With a rich eco-system of dangerous robots and a deep lore to explore, Horizon: Zero Dawn set itself up perfectly for a daring future. It established its world, laid the foundation for more adventures to come and introduced audiences to a brave new protagonist in the form of Aloy. This year’s best IP made an impact that left us staggered and dazed in wonder at the potential for Guerrilla’s bold new frontier, winning this award hands down.
Honourable mentions: Cuphead, Nioh
Best OST – Nier Automata
2017 was an amazing year for video game soundtracks. From the soft ambient sounds of The Legend of Zelda Breath of the Wild, to the upbeat, feel-good jazz of Persona 5, there was always something catering to the broad spectrum of musical tastes. Nier Automata, without a doubt, has an absolutely stunning soundtrack, with themes and songs so nuanced and emotionally potent that the story, and even the game itself, wouldn’t have been the smash hit that it was without it. On the pure basis of composition however, one could argue that other games are on par with it, and taste is, after all, subjective, but like Automata mixes things up with its story and gameplay, it does the same with the soundtrack, and it’s that very reason why it’s a cut above the rest.
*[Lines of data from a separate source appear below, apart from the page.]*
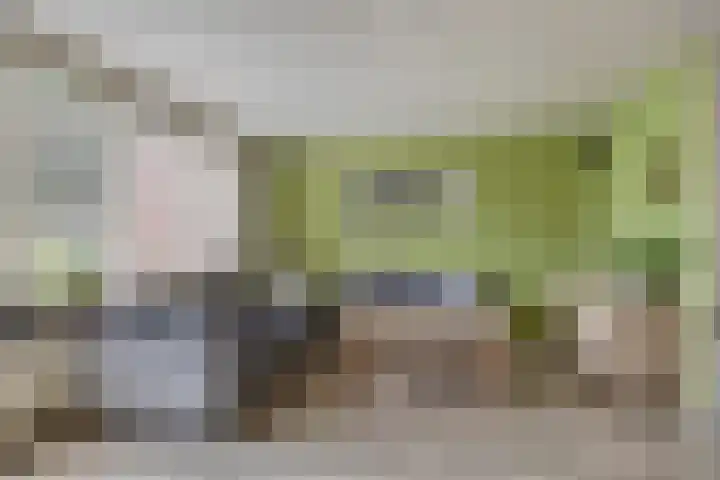 Dorsvlegelstraat 5 Purmerend thumbnail 12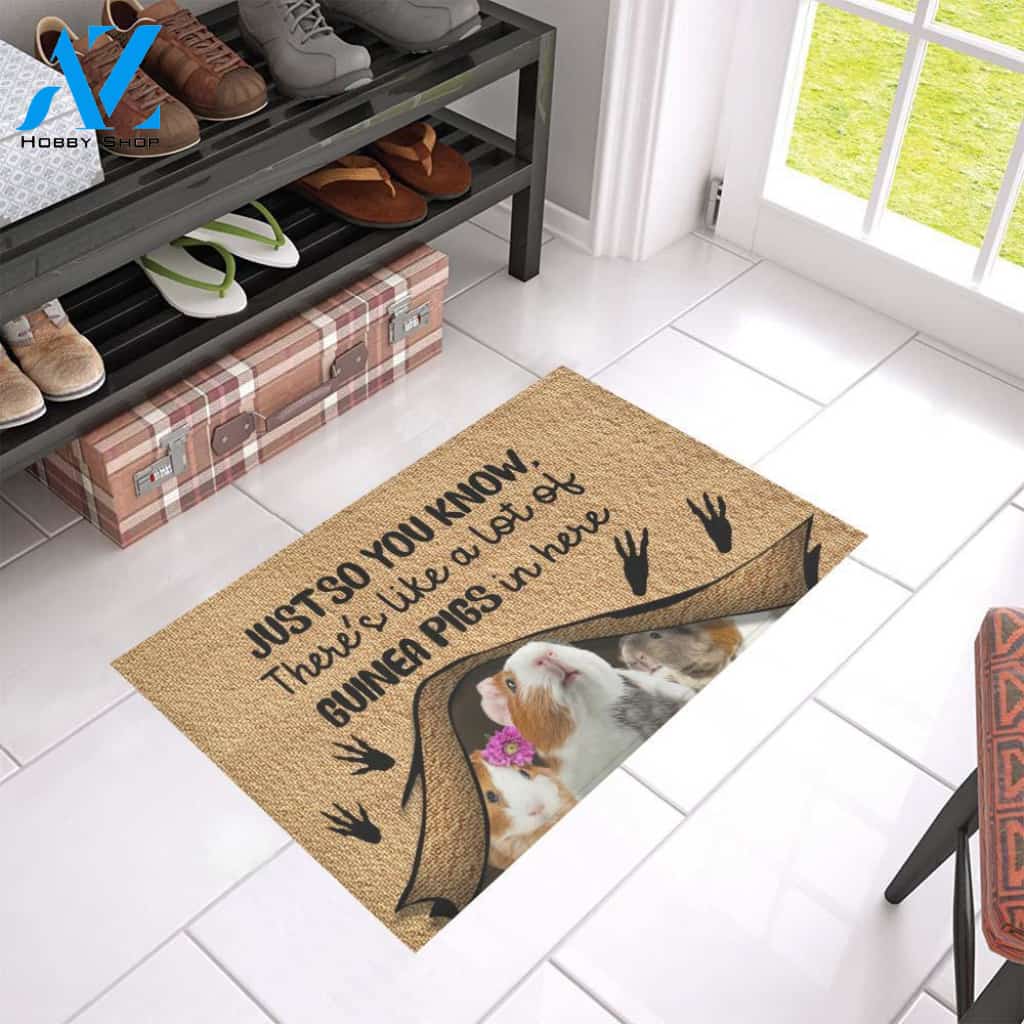 Just So You Know Guinea Pig Easy Clean Welcome DoorMat | Felt And Rubber | 40x60 cm | 45x75 cm | 60x90 cm | Colorful | DO1405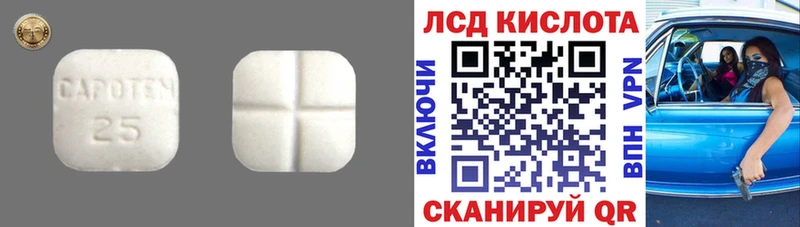 Купить закладки  Сорск  ЛСД экстази ecstasy 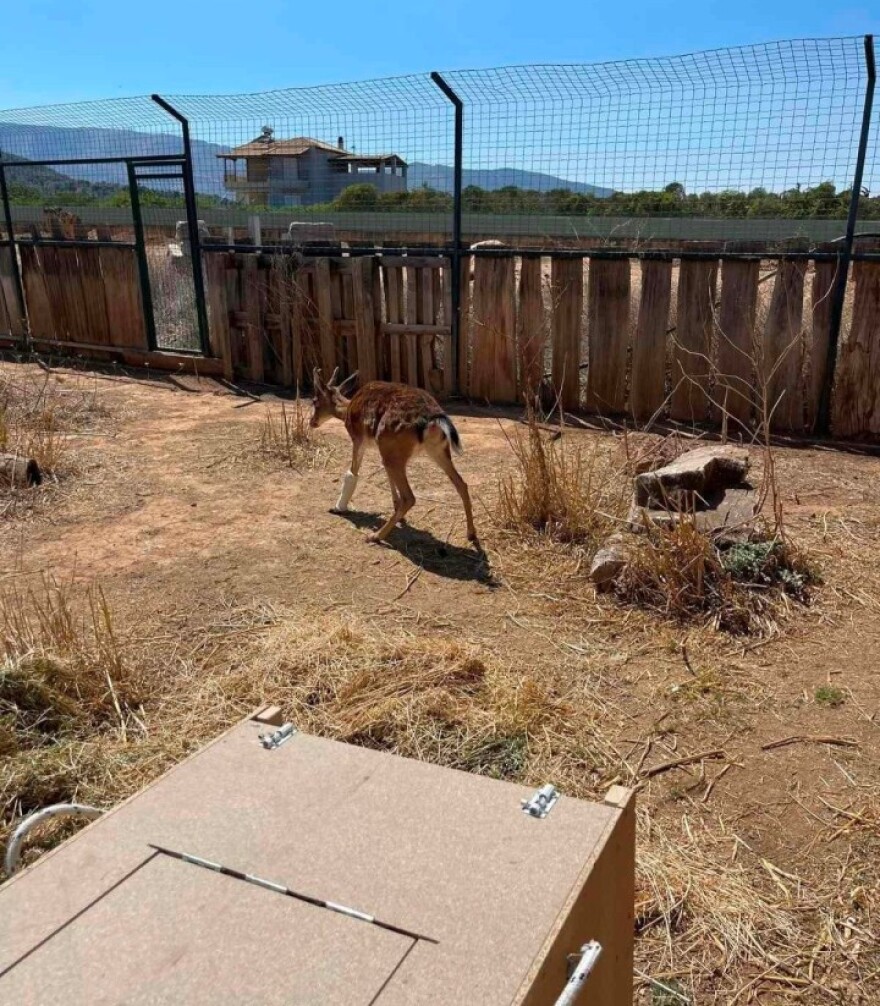 Ρόδος: Χειρουργήθηκε επιτυχώς και χαίρει άκρας υγείας το ελαφάκι που σώθηκε από την πύρινη λαίλαπα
Nier Automata plays with the music in interesting ways. Spoken dialogue in a cutscene turns into a bewitching chant, forming part of the vocals of a song. In-game music has different phases, slowly introducing vocals and increasing in intensity depending on the current situation. It even switches seamlessly between normal and 8-bit versions of the current song depending on if a certain mechanic is activated. The final track of the game perfectly encapsulates this brilliance by transitioning the theme song from 8-bit, to the English, Japanese and made up language vocals, culminating in the introduction of a choir in the background, which actually consists of the various people who worked on the game. As much as I enjoyed all the OSTs I heard this year, none were as weird and beautiful as Nier Automata’s.
Honourable mentions: Persona 5, Breath of the Wild, Horizon Zero Dawn, Cuphead
And that’s it for our awards! We will have articles on our own personal favourites coming up this week though.